“The natural gas emissions inventory was created to collect and assess air quality impacts from these sources,” DEP Secretary Chris Abruzzo said. “This vital information assists DEP in its efforts to improve Pennsylvania’s air quality.”
In addition to the emissions inventory, DEP has implemented new measures for controlling and reducing emissions from natural gas sites. In 2013, DEP made revisions to the general permit, GP-5, that regulates emissions from natural gas-fired engines and equipment at compressor stations. The changes will significantly lower allowable emissions for compressor stations.

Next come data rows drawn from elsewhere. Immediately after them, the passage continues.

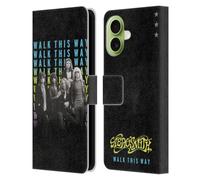 Head Case Designs sous Licence Officielle Aerosmith Walk This Way Classiques Étui Portefeuille en Cuir Compatible avec Apple iPhone 17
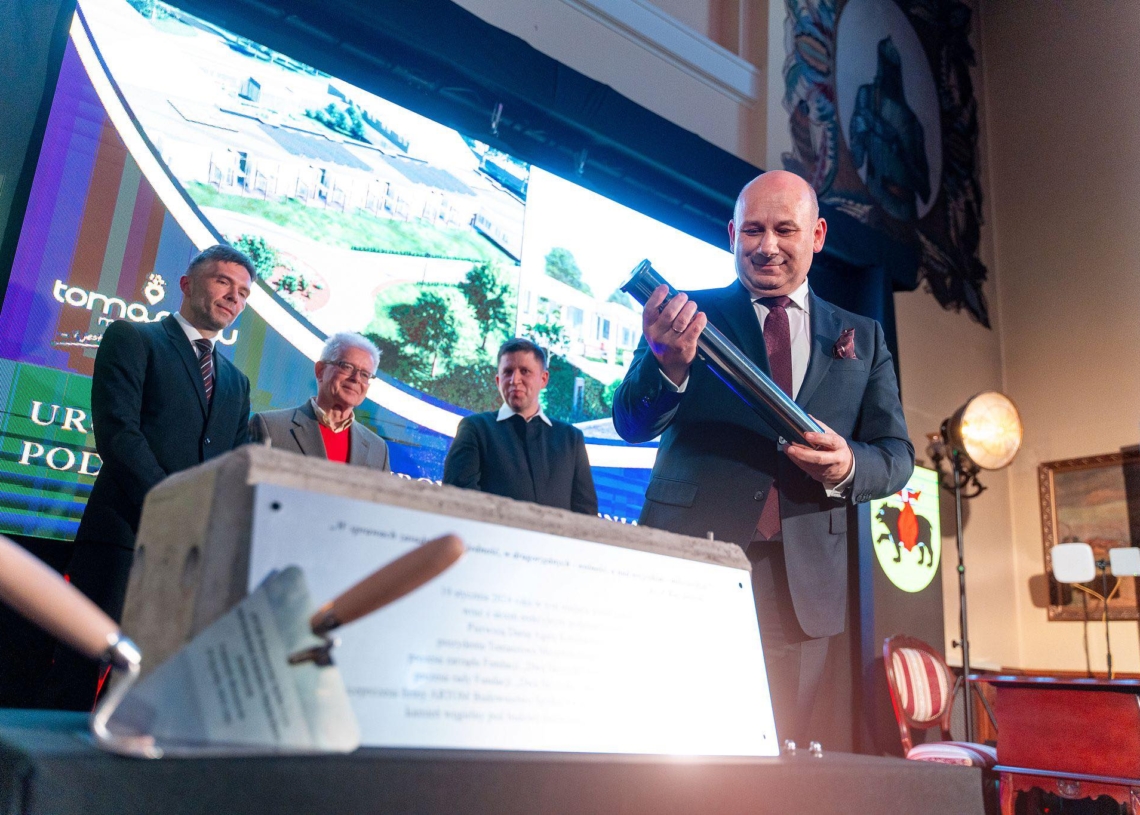Wmurowano kamień węgielny pod budowę hospicjum w Tomaszowie Mazowieckim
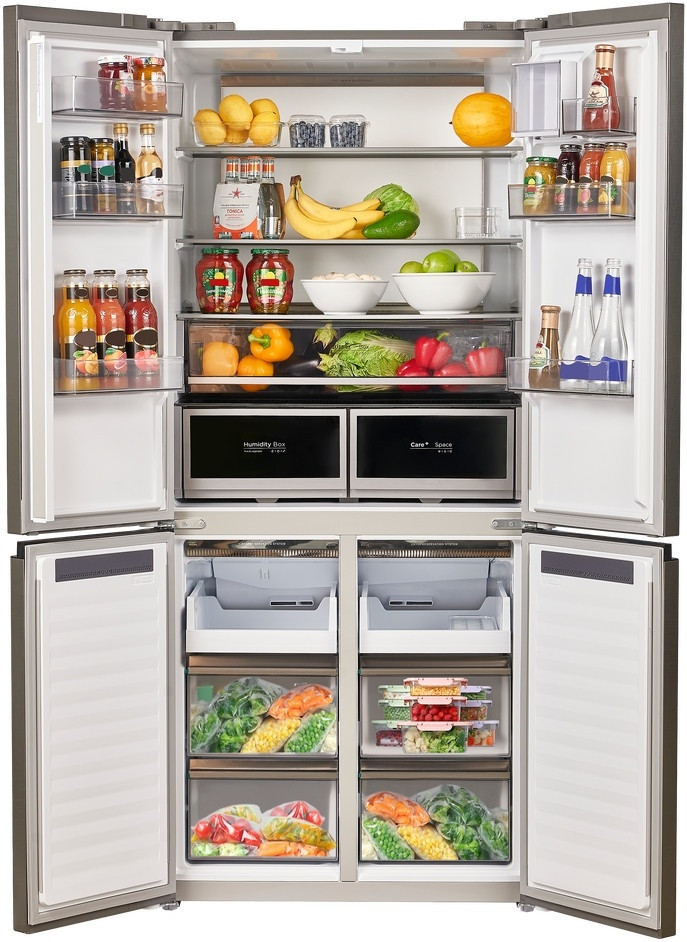 Четырёхдверный холодильник Maunfeld MFF190NFDSX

DEP also finalized new air quality criteria for Marcellus Shale gas well owners and operators. These criteria require actions to be taken which are more stringent than the EPA’s standards for new emission sources and result in emission levels of minor significance. If an owner or operator is unwilling to or cannot meet these criteria, they must seek an air quality plan approval for construction of the well site from DEP.
The sources and activities of natural gas operations that DEP identified as part of the inventory include compressor stations; dehydration units; drill rigs; fugitives, such as connectors, flanges, pump lines, pump seals and valves; heaters; pneumatic controllers and pumps; stationary engines; tanks, pressurized vessels and impoundments; venting and blow down systems; well heads and well completions.
For the 2012 inventory, data reported to DEP came from 56 Marcellus Shale operators covering 8,800 natural gas wells and 70 operators of 400 compressor stations, which received gas from Marcellus Shale and traditional oil and gas well sites. New to this round of reporting were 250 additional compressor stations that process gas from traditional well sites. These compressor stations were not required to report in 2011.
The totals reported for the 2012 natural gas emissions inventory are:
· 16,361 tons of nitrogen oxides, a 1.09 percent decrease from 2011;
· 101 tons of sulfur dioxide, a 17.21 percent decrease from 2011;
· 7,350 tons of carbon monoxide, a 7.27 percent increase from 2011;
· 548 tons of particulate matter (PM)2.5, a 8.51 percent increase from 2011;
· 600 tons of PM10; a 3.99 percent increase from 2011; and
· 4,024 tons of volatile organic compounds, a 42.70 percent increase from 2011.
Significantly, since 2008, when unconventional drilling across the state began quickly increasing, cumulative air contaminant emissions across the state have continued to decline. In particular, sulfur dioxide emissions from electric generating units (EGU) have been reduced by approximately 73 percent. The emissions of nitrogen oxides and particulate matter have also been reduced by approximately 23 percent and 46 percent, respectively, from this sector.
“It is important to note that across-the-board emission reductions in emissions can be attributed to the steady rise in the production and development of natural gas, the greater use of natural gas, lower allowable emissions limits, installation of control technology and the deactivation of certain sources,” said Abruzzo.
These reductions represent between $14 billion and $37 billion of annual public health benefit, based on U.S. Environmental Protection Agency (EPA) methodologies.
The U.S. EPA requires Pennsylvania to submit a comprehensive air emissions inventory every three years which includes emissions data from sources such as refineries, manufacturing plants, power plants, dry cleaners and cars, trucks and other vehicles. The last comprehensive inventory was submitted in December 2012 for calendar year 2011. The next comprehensive submission will be due on Dec. 31, 2015, for calendar year 2014.
In addition to the EPA submission, DEP regulations and Act 13 of 2012 directs owners and operators of unconventional and conventional natural gas sources to report their emissions annually for the previous year to DEP by March 1 of each year.